Your task —
From the material below, reproduce exactly the stretch of lines that begins with the line holding "2026 Honda CR-V EX photo 11" and ends with the line holding "Barbour Clover Blazer", skipping the pictures.
BEGIN Recorded data
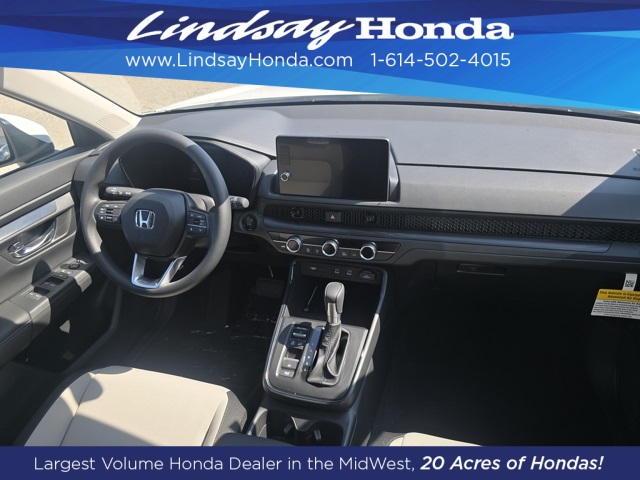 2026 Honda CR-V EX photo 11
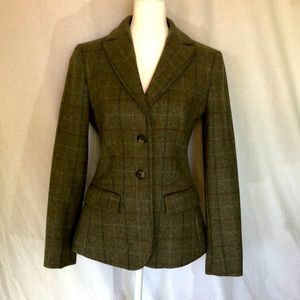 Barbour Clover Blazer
END Recorded data
BEGIN Recorded data
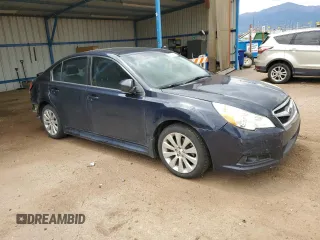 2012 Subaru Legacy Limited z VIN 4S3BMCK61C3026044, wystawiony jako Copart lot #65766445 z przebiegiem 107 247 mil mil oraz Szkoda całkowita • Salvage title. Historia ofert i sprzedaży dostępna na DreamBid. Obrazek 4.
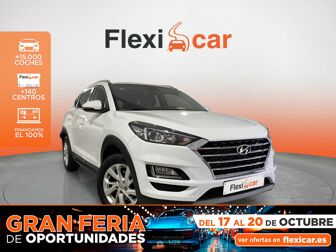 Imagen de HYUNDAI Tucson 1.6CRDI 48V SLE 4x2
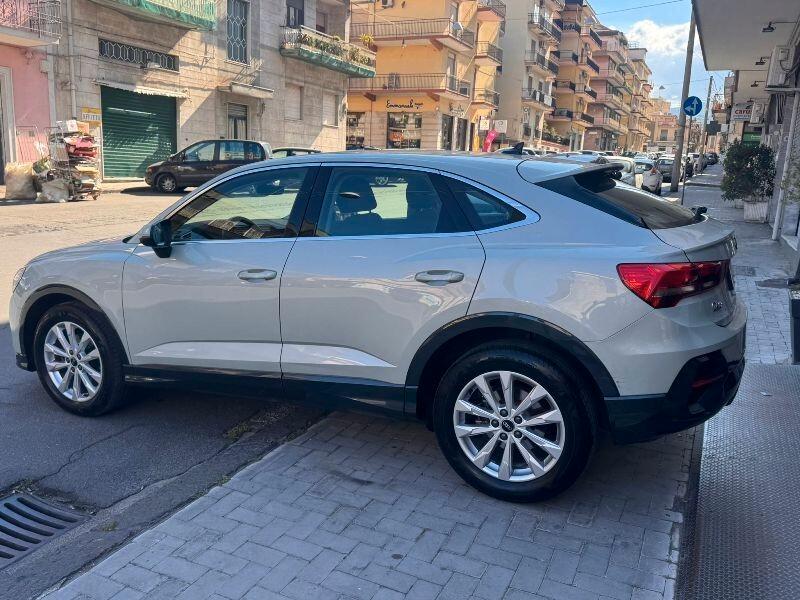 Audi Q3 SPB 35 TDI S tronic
END Recorded data
Answer —
 2026 Honda CR-V EX photo 11
 Barbour Clover Blazer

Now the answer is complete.